La enfermera me tiende un sobre bastante grueso. Lo cojo y me instalo en la sala de espera. Saco los papeles. En primer lugar aparece la foto de su hermano. Luego papeles oficiales con sellos de notarios. Todo parece haber sido firmado el mismo día, la semana pasada, al día siguiente de mi última visita. También hay otro sobre más pequeño con mi nombre escrito. Lo abro.
Mi querida Julie,
Siento que me voy a ir y creo que no aguantaré hasta tu próxima visita. Así que he decidido dictar esta carta a una enfermera. No poseo gran cosa, y como no tengo familia me alegro de dejártelo a ti. Tengo un último favor que pedirte: entiérrame junto a mi hermano y mis padres. Volveremos a ser una familia. Y ven a vernos de vez en cuando. Mi casa está ahora a tu nombre. No creo que valga mucho pero así podrás retomar tus estudios. Espero que todo vaya bien con Ric y que seáis muy felices. Me hubiera encantado veros juntos. Has sido el último rayo de sol de mi vida. Contigo he sentido que tengo una hija de la que estar orgullosa. Te planteas muchas preguntas. Sé que encontrarás las respuestas. A tu edad no debes mirar el pronóstico del tiempo para hacer lo que desees. Son los viejos los que miran las previsiones antes de salir. En fin, gracias por todo. Y no olvides nunca, mi pequeña, que tienes la suerte de estar viva, y que nada es imposible.
Un beso,
Alice
El jueves por la tarde la señora Bergerot se queda atendiendo sola la panadería. Sophie, Xavier y Maëlys me acompañan al cementerio. Ric también ha venido. No sé qué me emociona más, si el fallecimiento de Alice o el hecho de que mis amigos no me hayan dejado sola en ningún momento. Llevo apretada contra mi pecho la foto de su hermano y su carta. No llueve pero el cielo tiene un color plomizo. Nos hemos vestido todos de negro y esperamos el coche fúnebre ante el cementerio. El viento sopla entre los álamos, las hojas salen volando. Nadie habla pero estamos juntos.

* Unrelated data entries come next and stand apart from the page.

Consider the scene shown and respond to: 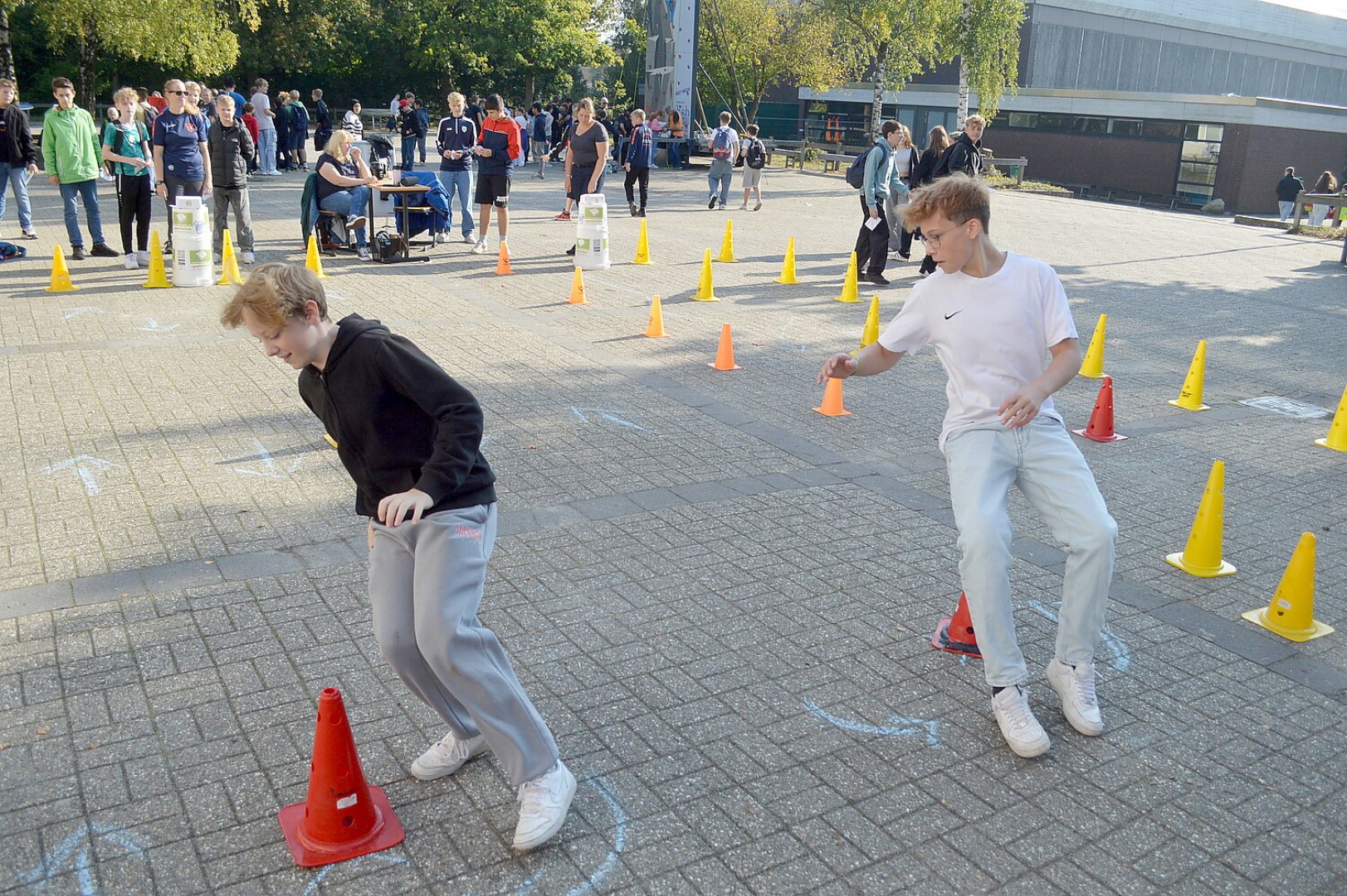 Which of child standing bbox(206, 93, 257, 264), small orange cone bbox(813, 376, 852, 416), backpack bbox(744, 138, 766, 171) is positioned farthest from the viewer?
backpack bbox(744, 138, 766, 171)

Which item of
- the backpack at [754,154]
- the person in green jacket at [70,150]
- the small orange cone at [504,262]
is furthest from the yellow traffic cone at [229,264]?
the backpack at [754,154]

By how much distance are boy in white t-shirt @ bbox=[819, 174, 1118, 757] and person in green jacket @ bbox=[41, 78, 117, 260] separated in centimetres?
1154

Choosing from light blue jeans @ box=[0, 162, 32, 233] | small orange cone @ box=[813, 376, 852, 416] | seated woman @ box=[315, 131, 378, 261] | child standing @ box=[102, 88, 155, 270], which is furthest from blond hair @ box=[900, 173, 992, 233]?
light blue jeans @ box=[0, 162, 32, 233]

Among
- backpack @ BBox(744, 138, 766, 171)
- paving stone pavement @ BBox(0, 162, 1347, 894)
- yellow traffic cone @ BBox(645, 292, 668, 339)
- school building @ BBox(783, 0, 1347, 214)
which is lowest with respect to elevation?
paving stone pavement @ BBox(0, 162, 1347, 894)

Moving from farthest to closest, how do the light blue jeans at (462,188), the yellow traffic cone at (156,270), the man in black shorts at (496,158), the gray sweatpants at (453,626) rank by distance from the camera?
the light blue jeans at (462,188) → the man in black shorts at (496,158) → the yellow traffic cone at (156,270) → the gray sweatpants at (453,626)

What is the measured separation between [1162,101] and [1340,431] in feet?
120

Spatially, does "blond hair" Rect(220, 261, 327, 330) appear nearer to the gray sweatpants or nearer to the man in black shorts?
the gray sweatpants

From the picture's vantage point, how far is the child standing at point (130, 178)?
39.9 feet

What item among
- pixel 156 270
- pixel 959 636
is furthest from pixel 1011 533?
pixel 156 270

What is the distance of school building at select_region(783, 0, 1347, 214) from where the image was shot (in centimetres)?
3825

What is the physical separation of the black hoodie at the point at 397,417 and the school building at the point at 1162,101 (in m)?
41.0

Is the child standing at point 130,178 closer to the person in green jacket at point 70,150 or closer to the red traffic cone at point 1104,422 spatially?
the person in green jacket at point 70,150

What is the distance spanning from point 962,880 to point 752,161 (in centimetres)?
1989

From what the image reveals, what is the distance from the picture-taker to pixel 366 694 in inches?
160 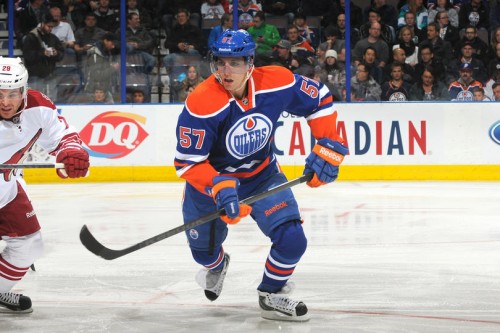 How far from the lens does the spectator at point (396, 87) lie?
34.7 ft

Cuando llega el coche lo seguimos hasta el lugar en el que los sepultureros han abierto la fosa familiar. Vivo la escena en una especie de ingravidez, como a cámara lenta. Los hombres sacan el ataúd. Lo ponen en el hueco y esperan mi señal para comenzar a bajarlo. Lo posan justo encima del de su hermano. En ese momento quiero creer que se han reunido en un mundo mejor. Espero que se hayan reencontrado y que no se separen nunca.
Me sitúo junto a la tumba. Arrojo las flores. Sophie llora. No debe de ser fácil para ella ya que perdió a su padre hace tan solo un año. Xavier y Maëlys, con el semblante serio, no me quitan ojo. Ric se mantiene rezagado, como si se escondiera. Cuando me aparto para dejar trabajar a los hombres, observo su cara desencajada. Parece inmerso en una tristeza que no puede ser producto de la simple empatía.
Nos quedamos hasta que colocan la lápida. Pronto habrá un nombre más grabado en ella. El cementerio está desierto. No sé rezar. Me agacho y acaricio la piedra. Murmuro suavemente:
—Buenas noches, Alice. Abrázalos de mi parte. Pronto volveré. Te lo prometo.